# Vanilla Policy Gradient

## Formulation
In this exercise, we will train a RL agent with Vanilla Policy Gradient (VPG), the simplest on-policy RL algorithm. The objective of VP is to maximize the expected return of the trajectories sampled from a policy $\pi_\theta$, which is expressed by
$$ \eta(\pi_\theta) = \max_\theta \mathbb{E}_{\tau \sim p_{\pi_\theta}(\tau)} \left[ R(\tau) \right], $$
where $R(\tau)$ is the discounted return of a trajectory $\tau$ of lenght $T$. Using the log-derivative trick, we can compute the gradient of the objective with respect to $\theta$, which is given by
$$ \nabla_\theta \eta(\pi_\theta) \approx \frac{1}{m} \sum_{i=1}^m \left( \sum_{t=0}^{T-1} \nabla_\theta \log \pi_\theta (a_t^i \mid s_t^i) \right) \left( \sum_{t=0}^{T-1} \gamma^t r(s_t^i, a_t^i) \right), $$
where $m$ is the number of trajectories sampled for training and $r(s, a)$ is an immediate reward given a state $s$ and an action $a$. Using the fact that the policy cannot affect rewards in the past, we can modify the gradient above as 
$$ \nabla_\theta \eta(\pi_\theta) \approx \frac{1}{m} \sum_{i=1}^m \left( \sum_{t=0}^{T-1} \nabla_\theta \log \pi_\theta (a_t^i \mid s_t^i) \sum_{t'=t}^{T-1} \gamma^{t'-t} r(s_{t'}^i, a_{t'}^i) \right), $$
 where the sum of rewards here does not include the rewards achieved prior to the time step at which the policy is being queried.

## Baseline
In fact, the policy gradient suffers from high variance. To address this, we introduce a baseline function and subtract the baseline from the sum of rewards. Note that this does not affact the value of the objective by EGLP lemma. The most common choice of baseline is the on-policy value function $V_\phi^\pi$, which acts as a state-dependent baseline. The value function will be trained to approximate the discounted sum of future rewards starting from a particular state:
$$ V_\phi^\pi(s_t) \approx \sum_{t'=t}^{T-1} \gamma^{t'-t} \mathbb{E}_{\pi_\theta} \left[ r(s_{t'}, a_{t'}) \mid s_t \right]. $$
Finally, the policy gradient now looks like as follows:
$$ \nabla_\theta \eta(\pi_\theta) \approx \frac{1}{m} \sum_{i=1}^m \left( \sum_{t=0}^{T-1} \nabla_\theta \log \pi_\theta (a_t^i \mid s_t^i) \underbrace{\left( \sum_{t'=t}^{T-1} \gamma^{t'-t} r(s_{t'}^i, a_{t'}^i) - V_\phi^\pi(s_t^i) \right)}_{A(s_{t'}^i, a_{t'}^i)} \right), $$
where $A$ is called advantage function. In practice, we use the standardized version of advantages.

## Implementation
To implement Vanila Policy Gradient, you need to fill in some blanks that are marked with `TODO` in the following files:
- `MLPPolicyPG` (rlkit/policies/mlp_policy.py): a class for MLP policy for VPG, which takes an observation as an input and outputs an action.
- `PGAgent` (rlkit/agents/pg_agent.py): a class for VPG agent, which updates the policy via VPG using given trajectories.

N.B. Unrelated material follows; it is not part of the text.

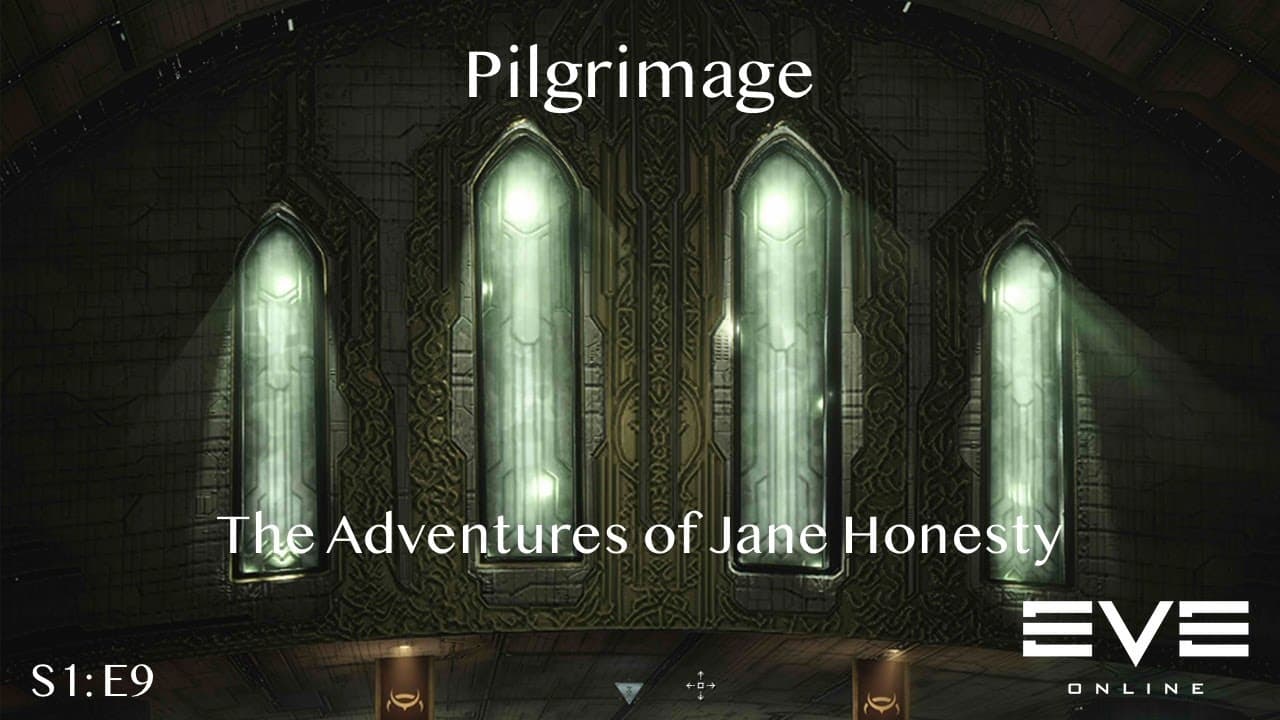 Pilgrimage: The Adventures of Jane Honesty | Eve Online | S1:E9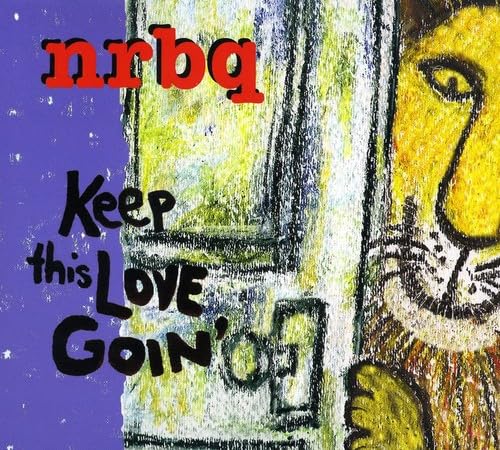 Nrbq - Keep This Love Goin';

### Implementing `MLPPolicyPG`

MLPPolicyPG consists of policy and baseline network (optional), each of which is a feed-forward deep neural network. You should implement a method named `update`, whose functionality is to compute the losses for the policy and baseline and update the networks. 

### Implementing `PGAgent`

PGAgent computes baselines, discounted returns, and advantages from given trajectories and passes them to `self.actor`, an instance of the `MLPPolicyPG` class. You should implement methods such as `calculate_baselines` and `calculate_advantages` to build the whole training procedure of a PG agent given trajectory data.

# Setup

In [None]:
#@title 1. Mount your Google Drive

from google.colab import drive

drive.mount('/content/drive', force_remount=True)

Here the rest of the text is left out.